It could be an advertising agency's nightmare. Amid heated worldwide automobile competition and the annual hype surrounding new car models, two of the makers of America's most popular imported cars, Datsun and Toyota, are promoting the advantage of buying American.

They mention features such as the roominess of American small cars, their gas efficiency, style, low maintenance and affordability -- sales pitches usually reserved for their own models.

Unbelievable? But true. Toyota Morot Sales U.S.A. Inc, and Nissan Motor Corp. U.S.A. have resorted to praising their American competitors as part of their argument in the nation's largest and possibly most far-reaching trade dispute ever: that the recent surge in imported cars is not a threat to domestic automakers.

"The new American models are technoligically advanced, are highly fuel-efficient, have front-wheel-drive and are roomier than imports -- all important sales features to the American car buyer," Nissan said in briefs filed with the International Trade Commission. "The outlook for these models is especially favorable because they combine desirable features with American styling and will appeal to the American consumer's bias in favor of domestic cars."

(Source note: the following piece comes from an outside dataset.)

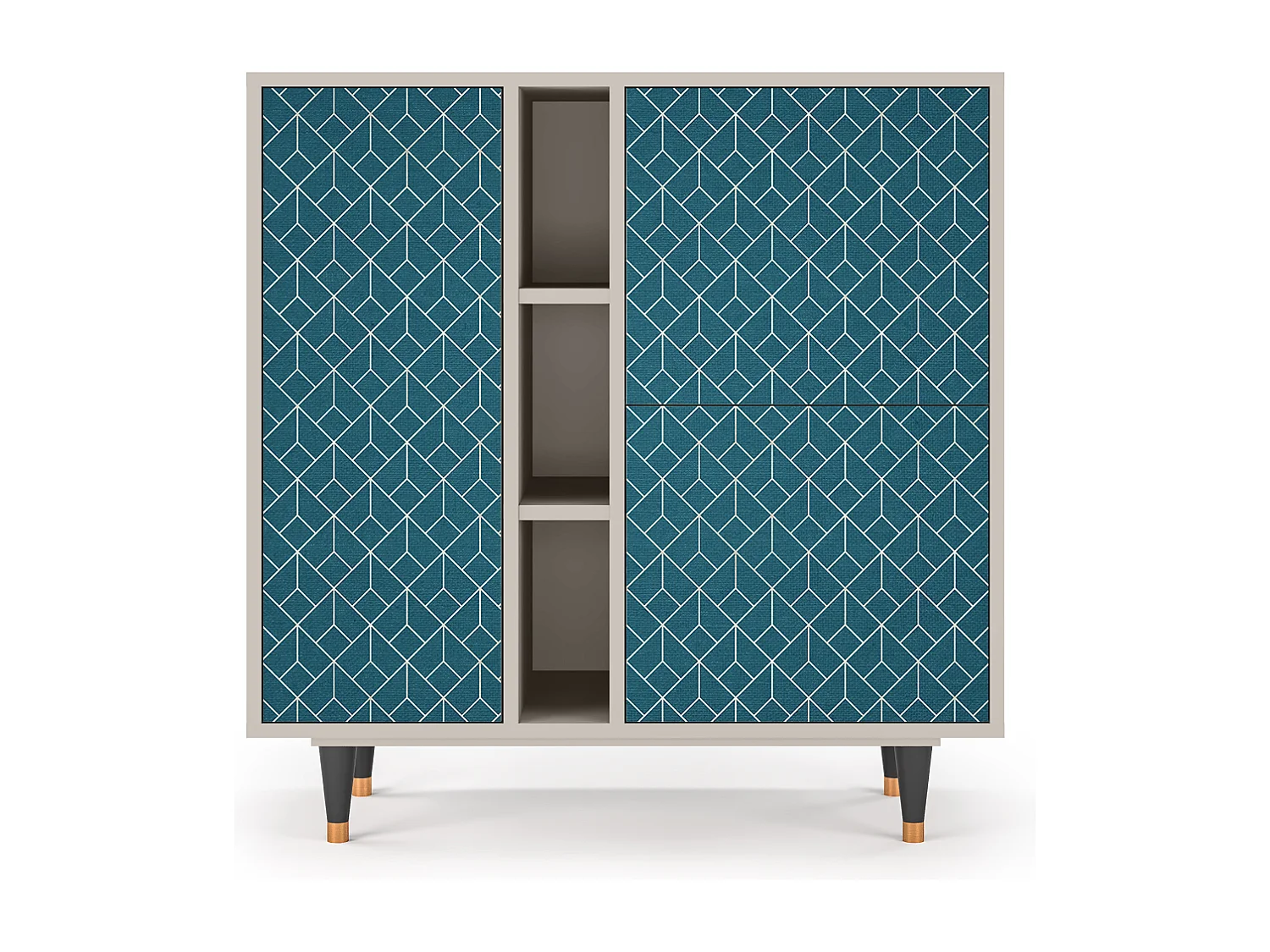 Dressoir - 94х96х41 cm - BS5 - Turquoise Geometry, Zand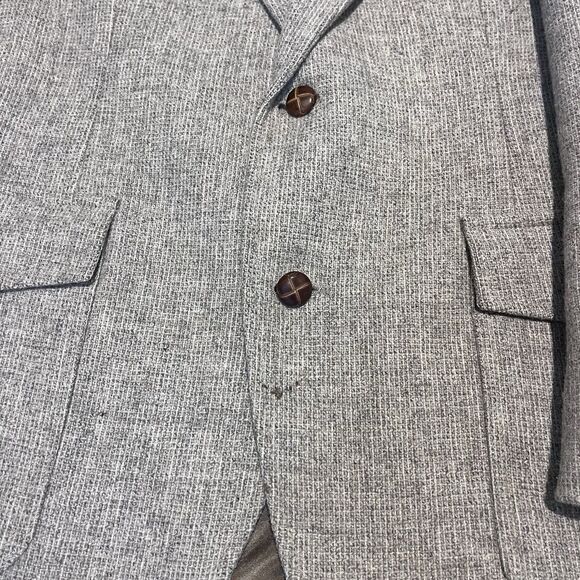 VINTAGE Pendelton Mens Blazer Tan 40 Virgin Wool Western Sports Coat Jacket USA - Picture 4 of 16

Toyota claimes ". . . the foreign small car manufacturers will have a price disadvantage when competing with the new, attractive domestic cars. "Imported small cars have been priced substantially higher than domestic models in every year since 1972."

The ITC hearings next week will help determine whether import quotas and tariffs on imported cars should be established.Last June, the United Auto Workers, Union, with 300,000 of its members out of work, asked the government to set quotas to cut by more than half the number of foreign cars and trucks imported.

In addition, the union asked the ITC to raise duties on imported cars from 2.9 percent to 20 percent of the wholesale price. The union asked the government to maintain its 25 percent import duty on trucks.

The action, which would be effective for five years, would give the auto industry time to retool and produce its own gas-efficient small cars to compete with the imports, the union claimed.

The union's action is filed under Section 201 of the Trade Act of 1974, known as the escape clause, which provides temporary relief to industries injured by a substantial influx of imports. The purpose of the clause is to allow sufficient time for the industry to adjust to international competition.

The union must prove that it has been injured and that the injury was caused by a substantial number of imports, not just a few combined with mismanagement by U.S. automakers or other possible factors.

The Ford Motor Co. filed a similar petition in August.

The Japanese automakers, at whom most of the accusations are leveled, said in their briefs that the downturn in the economy and the fuel shortage are to blame for Detroit's sales slump. They said that imports pose no threat to American automakers because the U.S. economy is improving generally and more consumers will buy cars, most likely Americans cars.

They also said they were not exploiting Detroit's temporary inability to make small cars. Instead, they said, Detroit's problem is in selling large cars, which they say are not directly competitive with their small models.

Import restrictions would lead to a 10 percent increase in small car prices and reduce small car sales here by 9.6 percent, Nissan said. It also would raise the consumer price index by 0.5 percent and cost $4.5 billion to consumers in auto price increases, Nissan said.